I think the way parameter files (e.g. calibration) are handled in FairRoot/R3BRoot is terrible.
Custom classes inheriting from TObject are painful enough when you are dealing with TClonesArrays (where one could argue that the benefits in speed and size justify the pains of ROOT), but for the parameter files they are a terrible design choice. A calibration just for califa (payload perhaps 40kB worth of ascii encoded float) goes for 250kB in the par format (all serialized arrays with at least 2432 elements, most of it stuff like APD numbers) or more than 1MB (with ROOT, most of it histograms).
Naturally, FairRoot does no collision checking when the same object in multiple *par files (it seems the earlier one in the TList will win), and at least in R3BRoot, we also do not even check for the existence of input parameters: R3BCalifaMap2CrystalCal will happily read a (default-constructed?) zero array from FairRuntimeDB if the no files were specified. This of course violates "Fail as early as possible".
I want to propose a solution offering the following features:
- Multi-Format support, including (potentially) human readable ones used by people which have not been exposed to ROOT (such as csv, json, xml)

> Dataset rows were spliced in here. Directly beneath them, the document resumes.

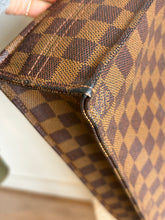 Load image into Gallery viewer, Louis Vuitton - Sac Plat Bag - Damier Ebene - M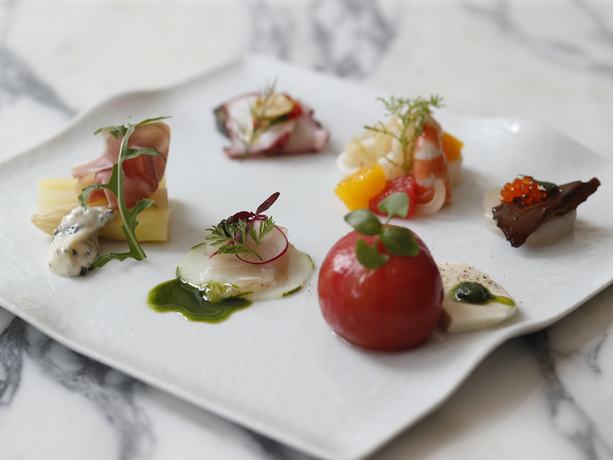 Imagen del bar/restaurante del Hotel Hyatt Regency Yokohama. Foto 5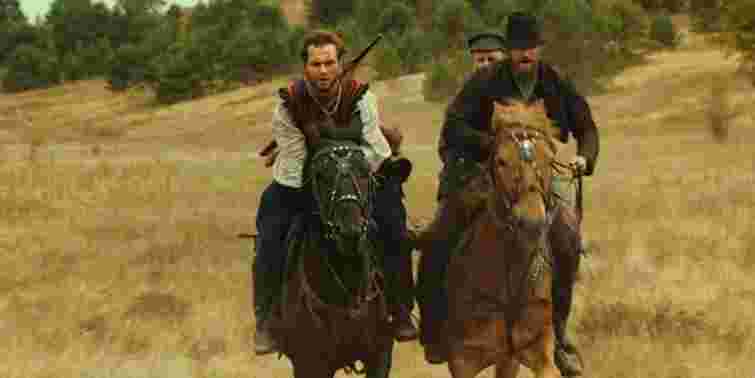 Пісня Bureviy від Latexfauna стала саундтреком фільму «Троє»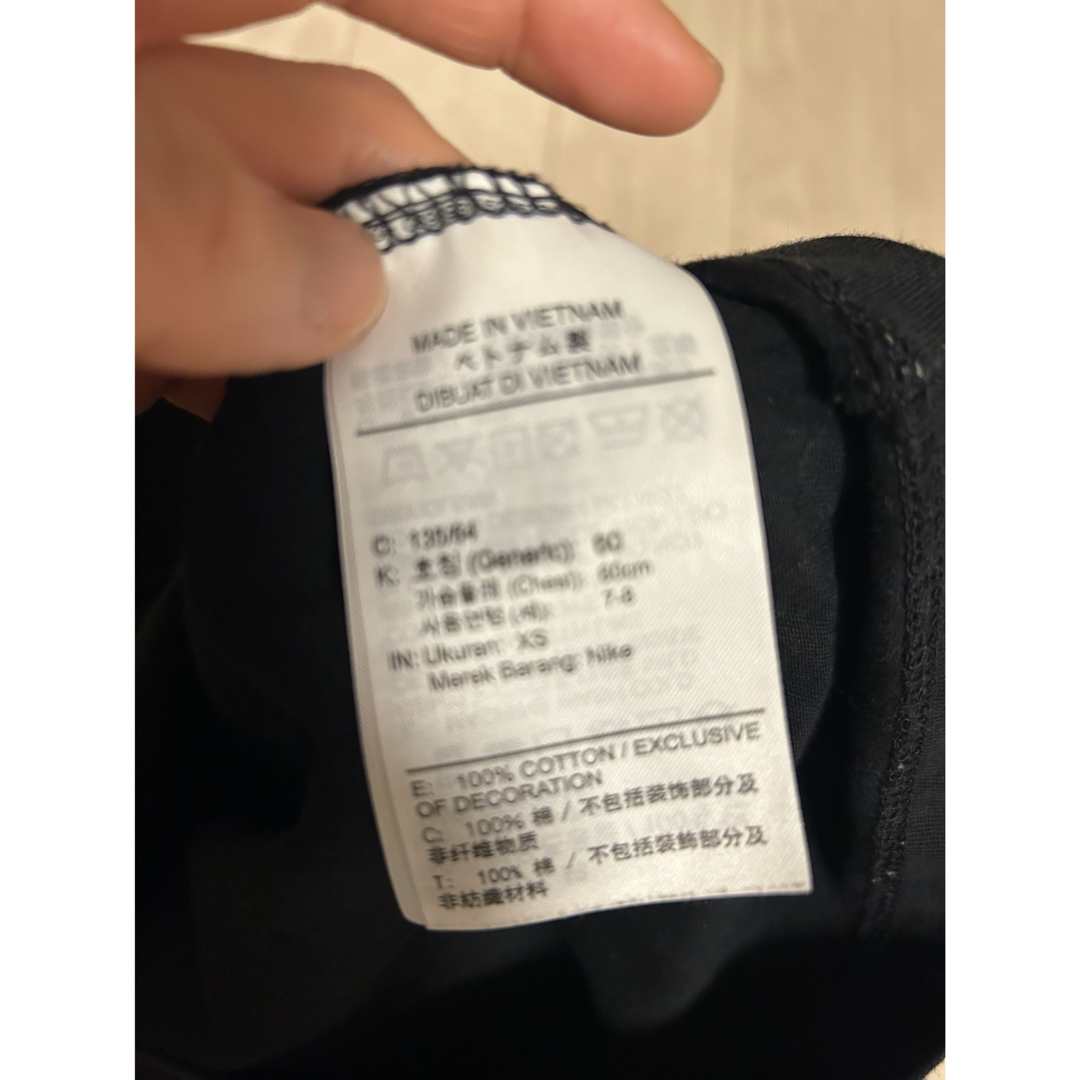 NIKE(ナイキ)のNIKE XS 120 ロゴ入り ロンT 長袖 カットソー ナイキ キッズ/ベビー/マタニティのキッズ服男の子用(90cm~)(Tシャツ/カットソー)の商品写真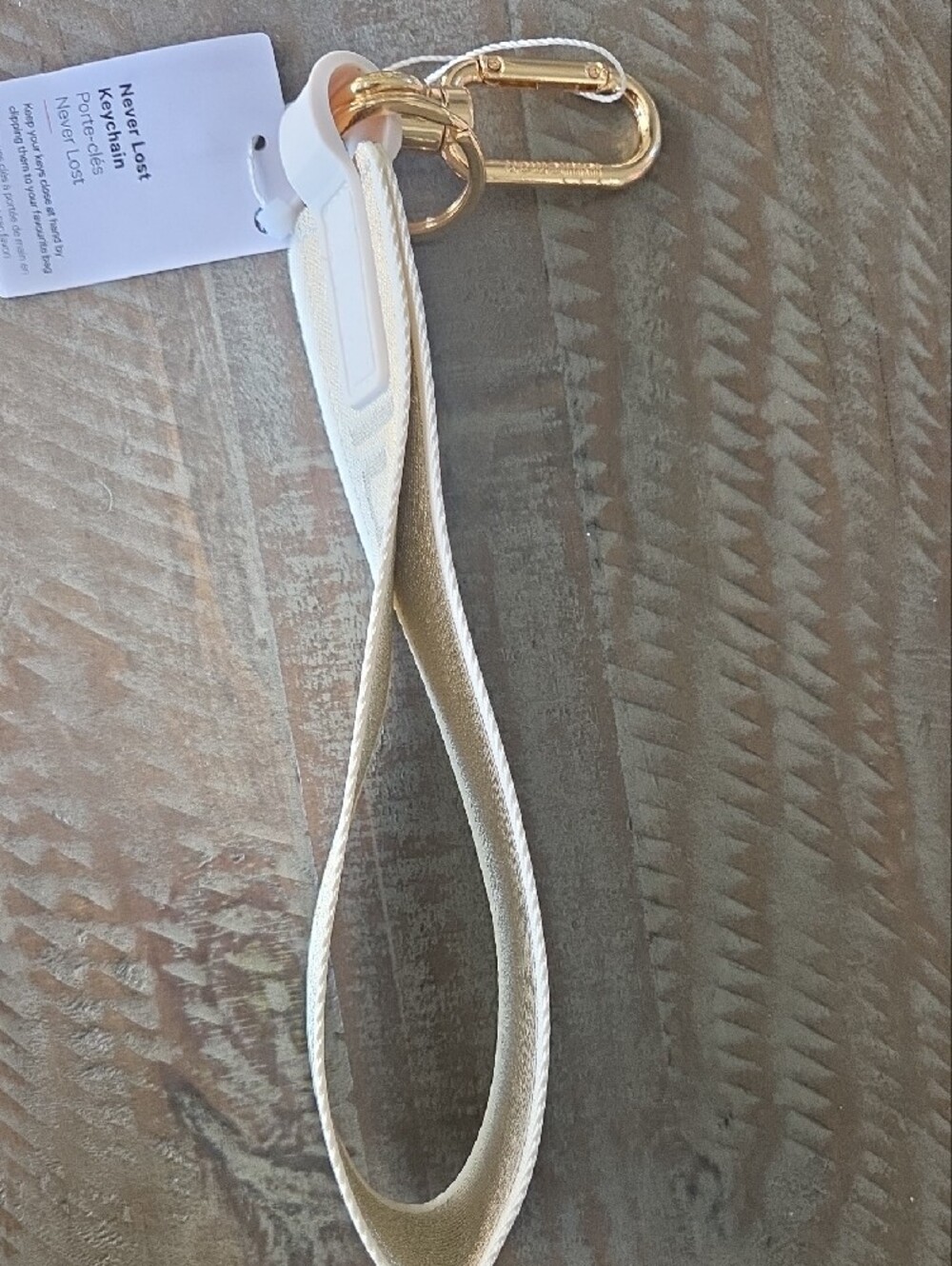 lululemon athletica Metallic Gold Never Lost Keychain Wristlet - Picture 5 of 5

- Good support for mixing and replacing individual parameter sets (e.g. "Take the califa cal from s444 with the TofD cal from s494")

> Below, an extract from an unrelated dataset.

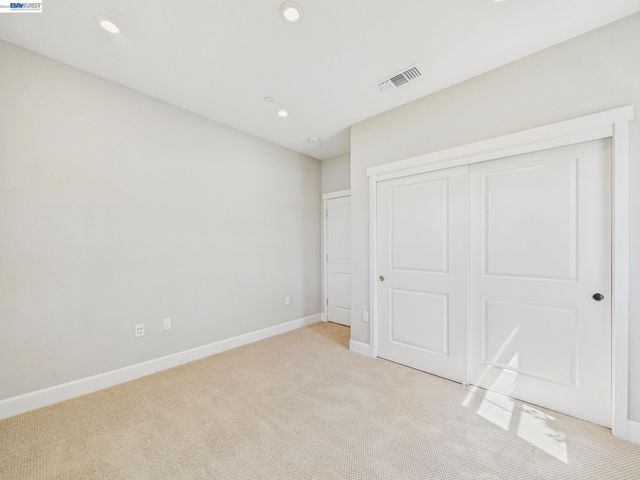 233 E Central Pkwy, Mountain House, CA 95391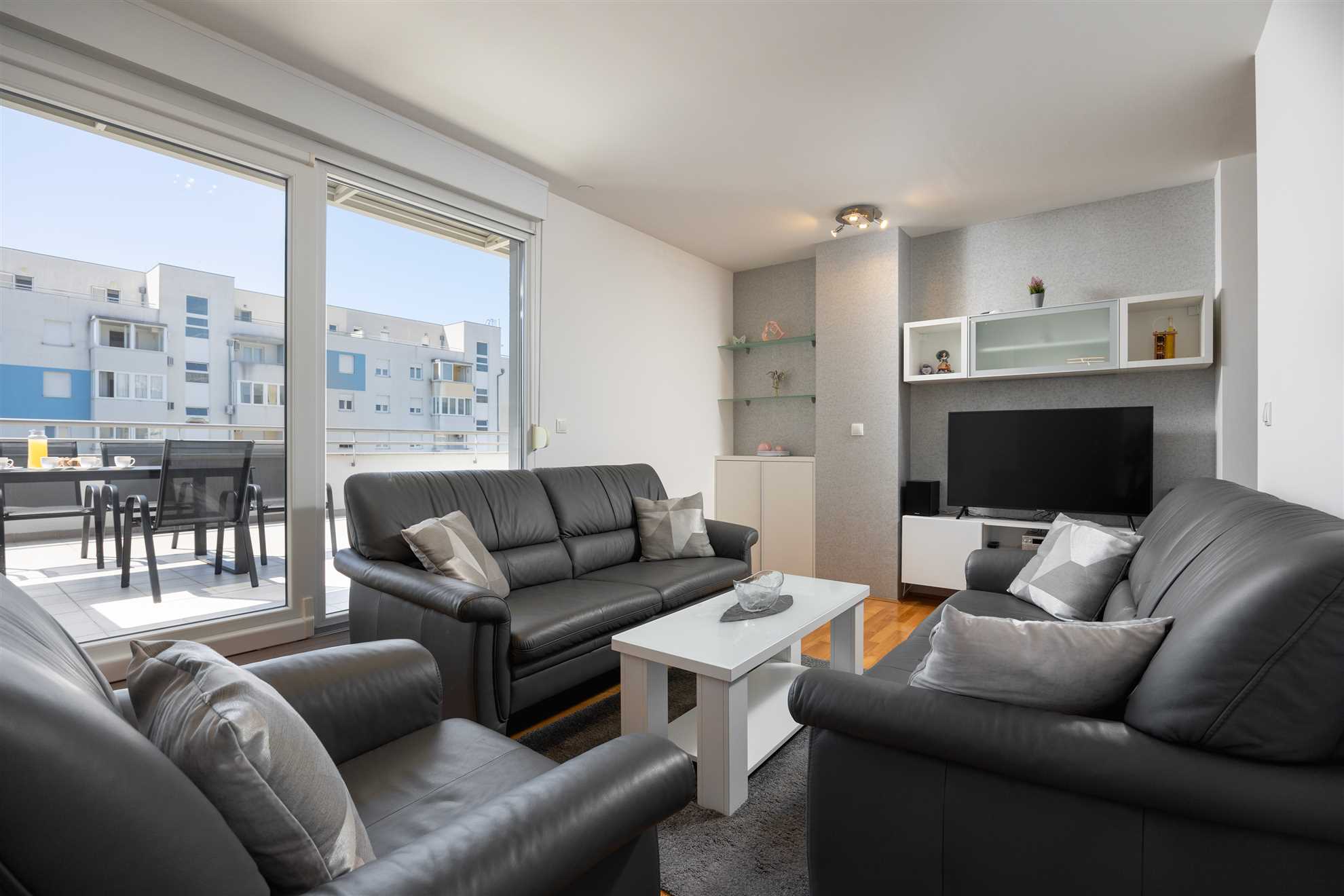Rose Penthouse Apartment Split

- Enforcement of parameter existence
- Enforcement of unique definitions
- Namespace support
- Possibility of version control
I'm am talking, of course, of this new and shiny feature called "directory" (or "folder" for Apple users) in the recent innovation called "hierarchical file system". Furthermore, I propose a single environment variable $R3BPARS, which will point to a parameter directory.
So R3BCalifaMap2CrystalCal might just look for $R3BPARS/califa/calibration.json (or .csv, or .xml) and parse that, easy-peasy. If it turns out that 3d models stored in root files are really the way to go (instead of procedurally generating everything at startup a la geant), we could easily accommodate them as well. Backwards compatibility is easily achieved: feed $R3BPARS/par/.par and $R3BPARS/root/.root to R3BRuntimeDB.

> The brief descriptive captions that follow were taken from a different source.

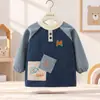 Macacão Infantil Estiloso de Manga Longa Macacão Impermeável Bavete de Alimentação Jaqueta de Penas Infantil Roupa Protetora Anti-Manchas Usar ao Contrário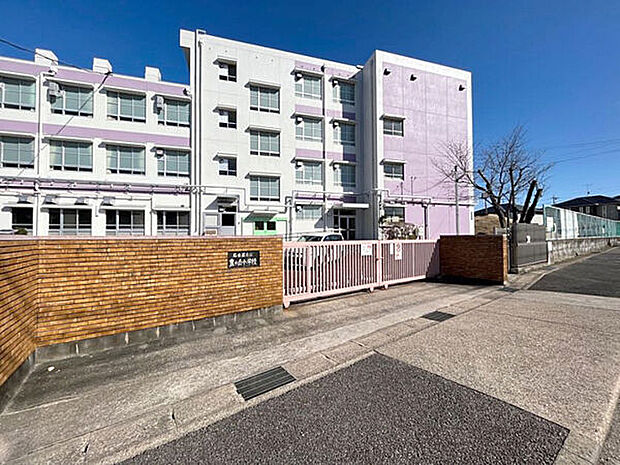 名古屋市立藤森中学校（約1,748m）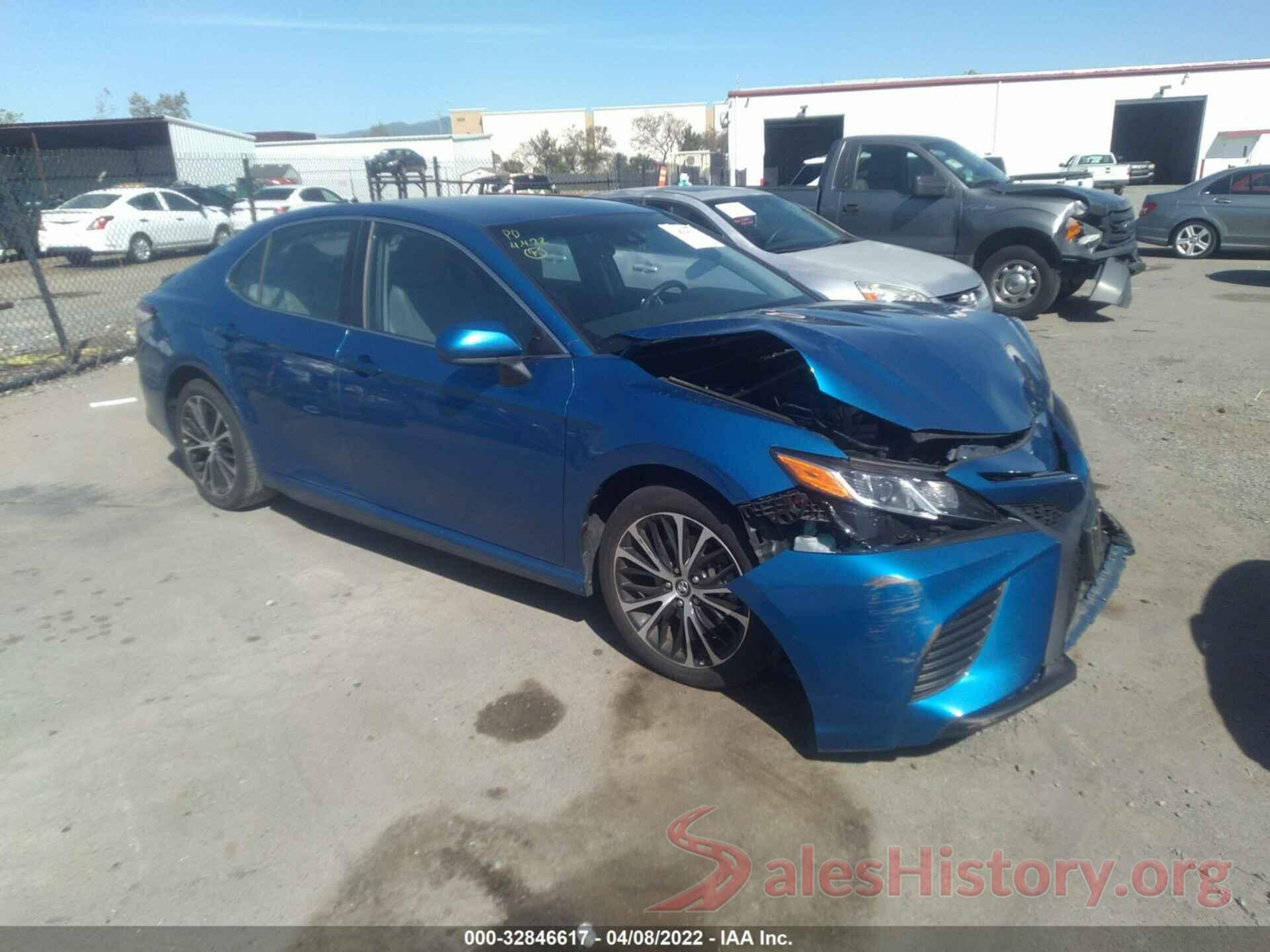 4T1B11HK2JU142096 2018 TOYOTA CAMRY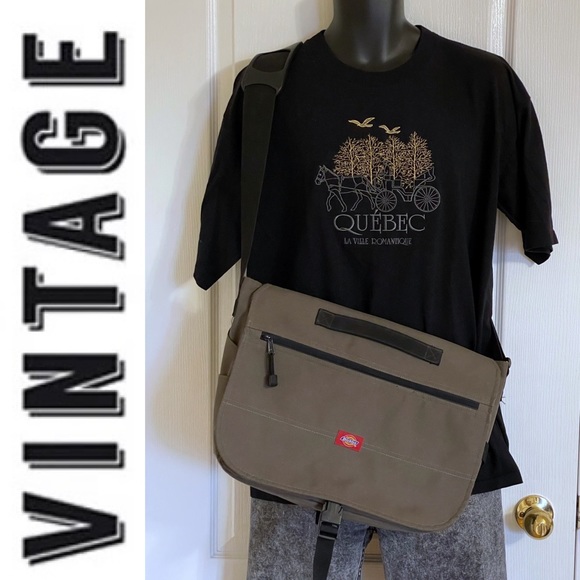 EUC vintage single stitch crewneck graphic Quebec souvenir black tee s/s, XL - Picture 3 of 16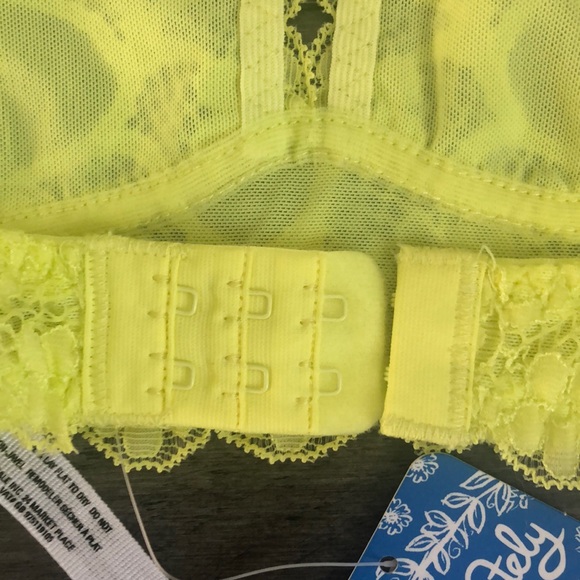Free People lace halter lemon woman’s bralette. - Picture 7 of 10
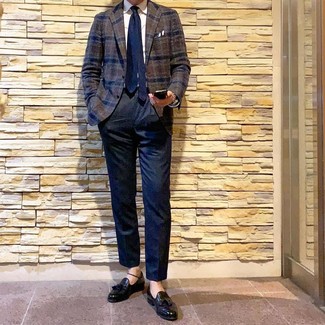 Brown Plaid Wool Blazer Outfits For Men: A brown plaid wool blazer and navy dress pants are a polished outfit that every modern gentleman should have in his arsenal. Look at how well this outfit goes with a pair of black leather tassel loafers.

By having a dedicated class (call it R3BParManager) or something managing parameter file lookup (e.g. pasting env var + subpath), we could later also support e.g. validity time intervals for parameter files to transparently support multiple beamtimes. (e.g. take the first wrts, and search in the subdirectories which are valid for that time for the subpath. If you find exactly one match, return that, otherwise, error. In the end, this will just return a filename: R3BParManager::get("califa/calibration.json") for epoch 1591741032 resolves to $R3BPARS/202105_s494/califa/calibration.json.)
Thus, this will be much more legible than the present approach. For comparison, here is the relevant output of FairRuntimeDB::print if I used a TList for both the first and the second input (after initialization, just before starting the run)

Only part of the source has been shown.